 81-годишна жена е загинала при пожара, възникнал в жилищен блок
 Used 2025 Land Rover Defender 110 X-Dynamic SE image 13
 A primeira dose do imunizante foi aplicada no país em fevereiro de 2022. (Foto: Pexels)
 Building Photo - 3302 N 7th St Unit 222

...

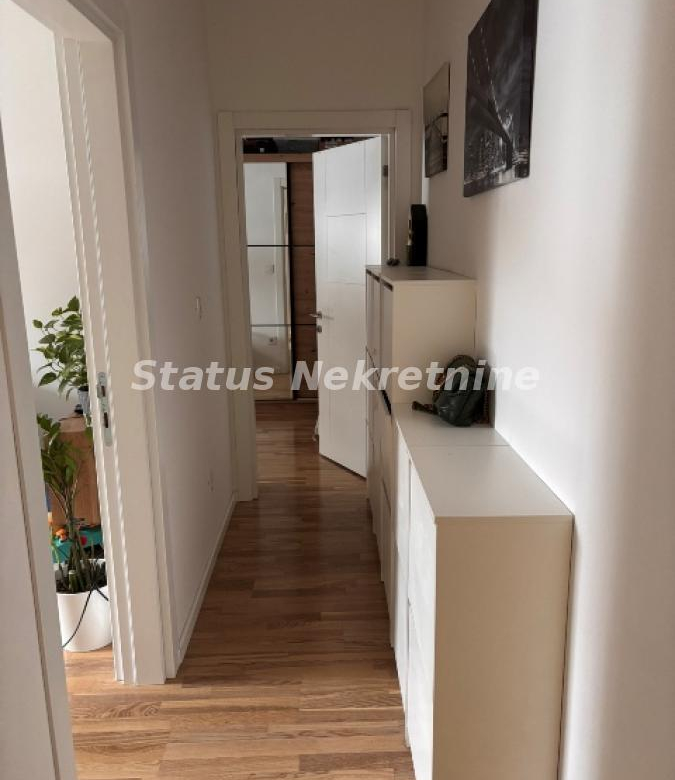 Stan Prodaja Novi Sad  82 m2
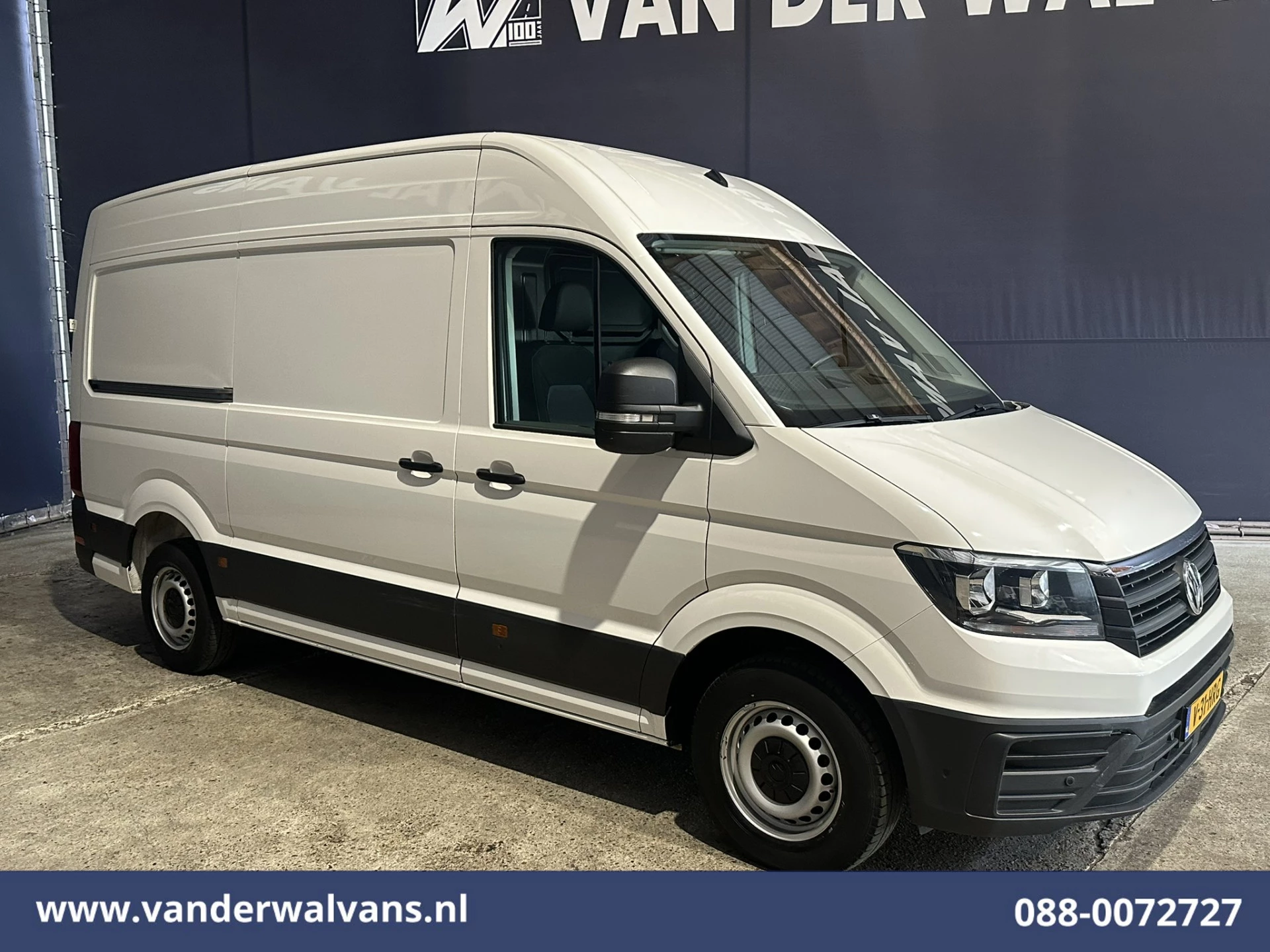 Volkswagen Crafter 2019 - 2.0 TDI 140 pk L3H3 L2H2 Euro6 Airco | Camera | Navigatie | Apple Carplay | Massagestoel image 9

### TASK PROMPT
In the listing above, start at the line with "81-годишна жена е", go on through the line with "Building Photo - 3302 N 7th St Unit 222", and copy each of those lines exactly; leave out all the rest.

### THE COMPLETED TASK
 81-годишна жена е загинала при пожара, възникнал в жилищен блок
 Used 2025 Land Rover Defender 110 X-Dynamic SE image 13
 A primeira dose do imunizante foi aplicada no país em fevereiro de 2022. (Foto: Pexels)
 Building Photo - 3302 N 7th St Unit 222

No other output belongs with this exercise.